_WHAT TO DO_
Search the listing below for the word "Medicina" and copy each line where it appears.

_THE INPUT_
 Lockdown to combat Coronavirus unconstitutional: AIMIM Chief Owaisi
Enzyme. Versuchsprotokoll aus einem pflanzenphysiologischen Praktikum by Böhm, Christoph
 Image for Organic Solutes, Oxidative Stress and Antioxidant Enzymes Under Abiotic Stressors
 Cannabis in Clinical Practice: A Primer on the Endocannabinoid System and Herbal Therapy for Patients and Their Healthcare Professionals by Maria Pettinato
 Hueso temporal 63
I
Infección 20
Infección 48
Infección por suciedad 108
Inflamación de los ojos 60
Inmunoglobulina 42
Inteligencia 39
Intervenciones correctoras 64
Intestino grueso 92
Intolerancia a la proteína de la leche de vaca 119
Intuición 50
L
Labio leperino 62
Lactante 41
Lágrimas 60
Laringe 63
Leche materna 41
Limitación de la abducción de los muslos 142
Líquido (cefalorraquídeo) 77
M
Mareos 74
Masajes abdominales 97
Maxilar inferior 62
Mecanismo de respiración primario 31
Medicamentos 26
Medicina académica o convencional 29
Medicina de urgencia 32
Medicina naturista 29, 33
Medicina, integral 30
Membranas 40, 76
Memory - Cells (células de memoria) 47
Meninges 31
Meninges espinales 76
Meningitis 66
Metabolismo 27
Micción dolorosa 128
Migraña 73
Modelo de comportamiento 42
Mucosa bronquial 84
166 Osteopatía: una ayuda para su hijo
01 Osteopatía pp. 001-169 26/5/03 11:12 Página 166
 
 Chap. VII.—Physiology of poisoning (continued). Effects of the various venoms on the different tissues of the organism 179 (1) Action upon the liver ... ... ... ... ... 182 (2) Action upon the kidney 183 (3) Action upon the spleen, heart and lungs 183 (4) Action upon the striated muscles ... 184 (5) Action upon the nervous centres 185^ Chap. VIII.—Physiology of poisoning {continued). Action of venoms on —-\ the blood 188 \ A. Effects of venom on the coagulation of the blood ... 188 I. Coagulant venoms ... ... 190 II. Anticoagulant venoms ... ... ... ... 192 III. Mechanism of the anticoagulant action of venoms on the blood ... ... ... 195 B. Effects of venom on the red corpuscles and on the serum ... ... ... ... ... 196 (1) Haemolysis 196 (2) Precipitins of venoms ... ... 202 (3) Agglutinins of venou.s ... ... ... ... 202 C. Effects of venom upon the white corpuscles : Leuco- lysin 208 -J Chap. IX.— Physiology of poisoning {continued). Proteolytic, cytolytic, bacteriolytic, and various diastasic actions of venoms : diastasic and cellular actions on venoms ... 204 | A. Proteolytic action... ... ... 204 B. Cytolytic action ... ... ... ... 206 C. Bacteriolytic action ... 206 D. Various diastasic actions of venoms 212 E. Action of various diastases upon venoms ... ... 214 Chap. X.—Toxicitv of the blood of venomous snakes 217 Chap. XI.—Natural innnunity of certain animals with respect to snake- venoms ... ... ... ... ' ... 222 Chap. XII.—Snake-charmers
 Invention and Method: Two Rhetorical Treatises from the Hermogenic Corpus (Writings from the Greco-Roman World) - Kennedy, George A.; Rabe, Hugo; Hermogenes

_YOUR SOLUTION_
Medicina académica o convencional 29
Medicina de urgencia 32
Medicina naturista 29, 33
Medicina, integral 30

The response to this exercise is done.